What the task requires — The answer must be only the lines below from the one holding "Close up businessman" down to the one holding "Stack of four", ends included, printed exactly; please omit all pictures.

Task data —
"""

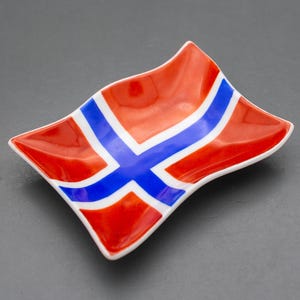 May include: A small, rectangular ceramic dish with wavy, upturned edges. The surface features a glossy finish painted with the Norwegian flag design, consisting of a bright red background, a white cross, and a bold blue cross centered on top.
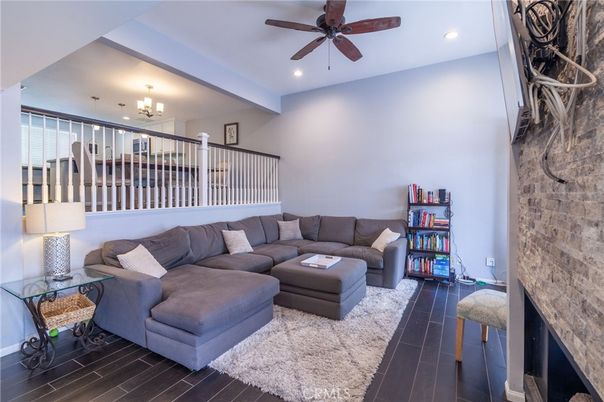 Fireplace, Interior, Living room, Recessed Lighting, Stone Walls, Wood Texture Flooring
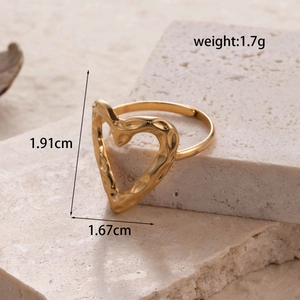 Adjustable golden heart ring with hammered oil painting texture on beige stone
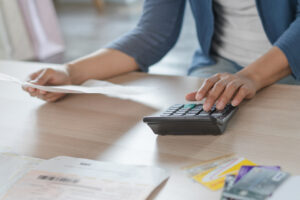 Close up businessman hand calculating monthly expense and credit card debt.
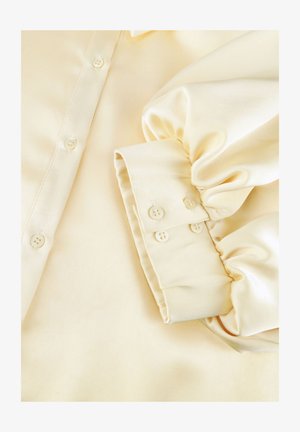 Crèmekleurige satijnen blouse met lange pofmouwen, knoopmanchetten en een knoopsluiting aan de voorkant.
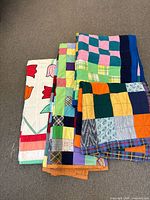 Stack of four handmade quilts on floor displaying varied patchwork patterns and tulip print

"""
"""

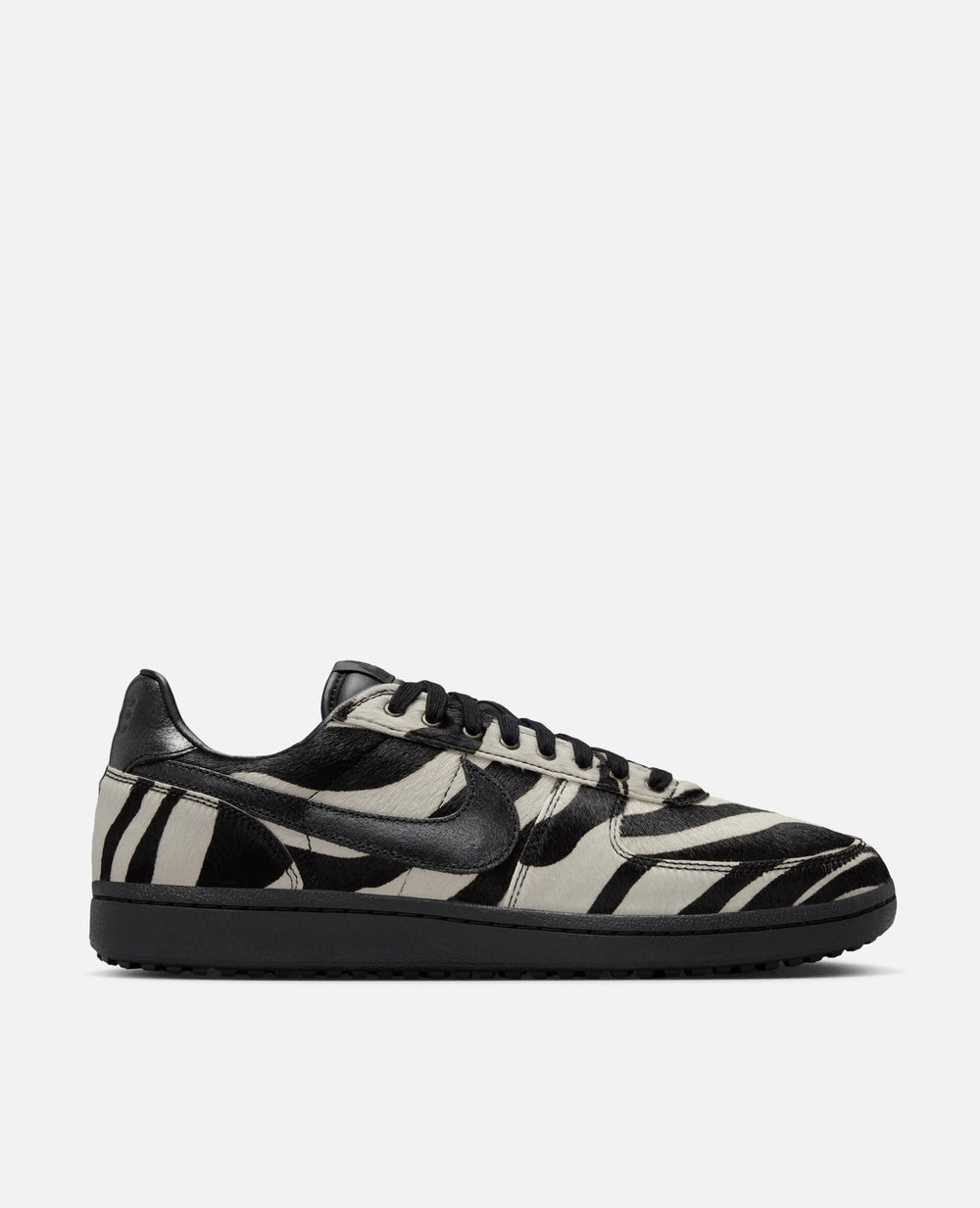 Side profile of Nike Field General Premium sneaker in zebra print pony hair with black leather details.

"""
"""

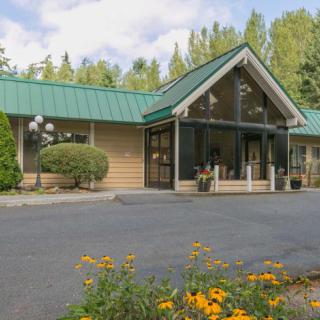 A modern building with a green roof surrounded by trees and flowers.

"""

Your solution —
 Close up businessman hand calculating monthly expense and credit card debt.
 Crèmekleurige satijnen blouse met lange pofmouwen, knoopmanchetten en een knoopsluiting aan de voorkant.
 Stack of four handmade quilts on floor displaying varied patchwork patterns and tulip print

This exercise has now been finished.